Trump unlikely to be charged with anything anytime soon

Rather than an impeachment probe, some sort of independent investigation seems more likely.

By Carl P. Leubsdorf

The Dallas Morning News

In firing FBI Director James Comey, President Donald Trump may well have committed an impeachable offense. But anti-Trump partisans need to know it is highly unlikely he will be impeached — or even charged with anything — at least anytime soon.

That’s true even though Trump’s action in firing the man who was leading the investigation of his campaign’s possible collusion with Russia was strikingly similar to one impeachment count against President Richard Nixon after he fired Special Prosecutor Archibald Cox during the Watergate investigation in 1973.

At the least, it casts a further cloud over his struggling young administration, which has already encountered problems in trying to get Congress to enact its sweeping policy agenda.

But the political circumstances surrounding the firestorm Trump created with Tuesday’s ouster of Comey are different from those that led to Nixon’s 1974 resignation in the face of certain impeachment and conviction.

Rather than an impeachment probe, some sort of independent investigation seems more likely, judging from signs that some Senate Republicans may be moving toward the longtime Democratic call for such a probe. But others are insisting that the Watergate comparisons are far overdrawn, so even that is not certain.

And if the Watergate affair is any guide, formal action against Trump would take a long time, if it ever happens. Nearly 26 months passed between the Watergate break-in and Nixon’s resignation. The formal investigations only took off about nine months afterward, when the burglars convicted of breaking into Democratic Party headquarters told Judge John Sirica that higher-ups were involved.

Still, Nixon might have survived had it not been for the disclosure during the 1973 Senate Watergate Committee hearings that he had taped many Oval Office conversations, and the subsequent discovery after a legal battle of an incriminating conversation on the tapes.

In July 1974, the House Judiciary Committee, in a bipartisan vote led by its Democratic majority, approved three articles of impeachment against Nixon. As an Associated Press congressional reporter at the time, I knew House approval was considered inevitable and that Nixon had lost the Senate support he needed to survive an impeachment trial.

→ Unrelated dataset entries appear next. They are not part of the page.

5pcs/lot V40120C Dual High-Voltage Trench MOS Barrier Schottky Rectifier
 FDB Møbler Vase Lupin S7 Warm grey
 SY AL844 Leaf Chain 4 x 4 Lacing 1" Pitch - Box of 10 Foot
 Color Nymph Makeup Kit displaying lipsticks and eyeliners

One item accused him of “interfering or endeavoring to interfere with the conduct of investigations by the Department of Justice of the United States, the Federal Bureau of Investigation, the office of Watergate Special Prosecution Force, and Congressional Committees.”

In firing Comey, after earlier firing the New York U.S. attorney who was looking into other possible Trump-related activities, Trump may have opened himself to possible charges similar to Nixon’s. Though he cited Comey’s mishandling of last year’s investigation of Hillary Clinton’s emails, that explanation defies common sense, and reporting by several newspapers makes it clear the real reason was his growing outrage over the Russia probe.

But it is far too early to know how far that probe will go into establishing any ties between the president’s campaign and Russia. Trump said, in his firing statement, that Comey told him three times “I am not under investigation,” but it may be too soon to know if that assurance will hold.

In one sense, Trump is weaker politically than Nixon. He was narrowly elected with a minority of the popular vote, and his job approval has hovered at 40 percent since his inauguration. In the first 12 hours since he fired Comey, his main defenders have been members of his White House staff, though disapproval of Comey’s directorship is widespread — and justified.

But the investigation into possible collusion between Russia and Trump’s campaign at the heart of the firing does not seem to be nearly as far along as the Watergate investigation. There is no evidence yet that it has found anything like the revelation that Nixon ordered the Watergate cover-up.

In addition, Congress is controlled by his Republican Party. House GOP members have been especially reluctant to criticize Trump, whom they see as the vehicle for enacting a conservative policy agenda they have been pushing since taking House control in 2010.

Still, one thing is certain: Trump again has revealed the authoritarian instincts that Republican and Democratic opponents feared.

Firing the FBI director who was leading an investigation of his campaign is worthy of the world leaders he has praised: Russia’s Vladimir Putin, Turkey’s Recep Erdogan, the Philippines’ Rodrigo Duterte and Egypt’s Abdel Fattah el-Sisi. But Trump acted within a far different legal framework from them, in a nation where laws have always triumphed over the actions of individual men.

That ultimately happened with Nixon, and it is the likely result this time, but the path won’t be easy and the Trump presidency has more than 44 months to go.